Facebook needs to open up its messaging system to POP and IMAP access, allow forwarding to external accounts, and recognize their role as a legitimate email provider.  While I loathe having to have yet another email account to manage, if I could access it via IMAP or forwarding, I could at least manage it. As it stands today, it is really not manageable; in fact the inability for me to archive the data along with my other email communications makes it a liability and something to avoid.

As it is now, Facebook email is actually creating more problems than it solves, and I expect that there will be a backlash against it unless they take ownership of this growing problem. Facebook, are you listening?

  • Capri

    I’d like it if Facebook email “grew up” so that FB wouldn’t limit messages and delete or block access to accounts who’ve used it too much for their liking. They claim their email is not a method for chatting back and forth, FB chat is for that. But honestly, who uses FB chat anyway? The whole point of FB email is that people should leave and receive messages back and forth without limits, especially if they’re making plans for events, business, whatever. Because most often when you get on Facebook, your friends aren’t on at the same time, or if they are, they’re doing something else, so disturbing them with a chat request does little more than interupt what they are doing, and what are the chances of planning anything using FB chat? With email, you can contact everyone you need to, and people can write you back at their convenience. At the very least, FB needs to get rid of whatever limit they put on their email messaging usage, but your ideas are great as well.

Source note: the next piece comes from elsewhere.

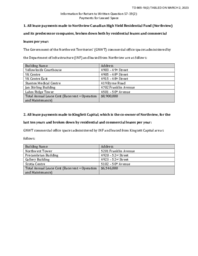 865-19(2) Information for Return to Written Question 57-19(2):  Payments for Leased Space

  • http://tweetscan.com David Sterry

    That’s a neat idea. Maybe Zuckerberg is saving that for if ever his new law of doubling shared data starts to lag. Also, I’m fairly sure an @facebook.com email account or fbmail.com would have a handy side effect of pointing people back to one’s profile. I’m trying to think of reasons why they wouldn’t do this and I can’t think of a good one…it is very close to their core communications mission. Nice post.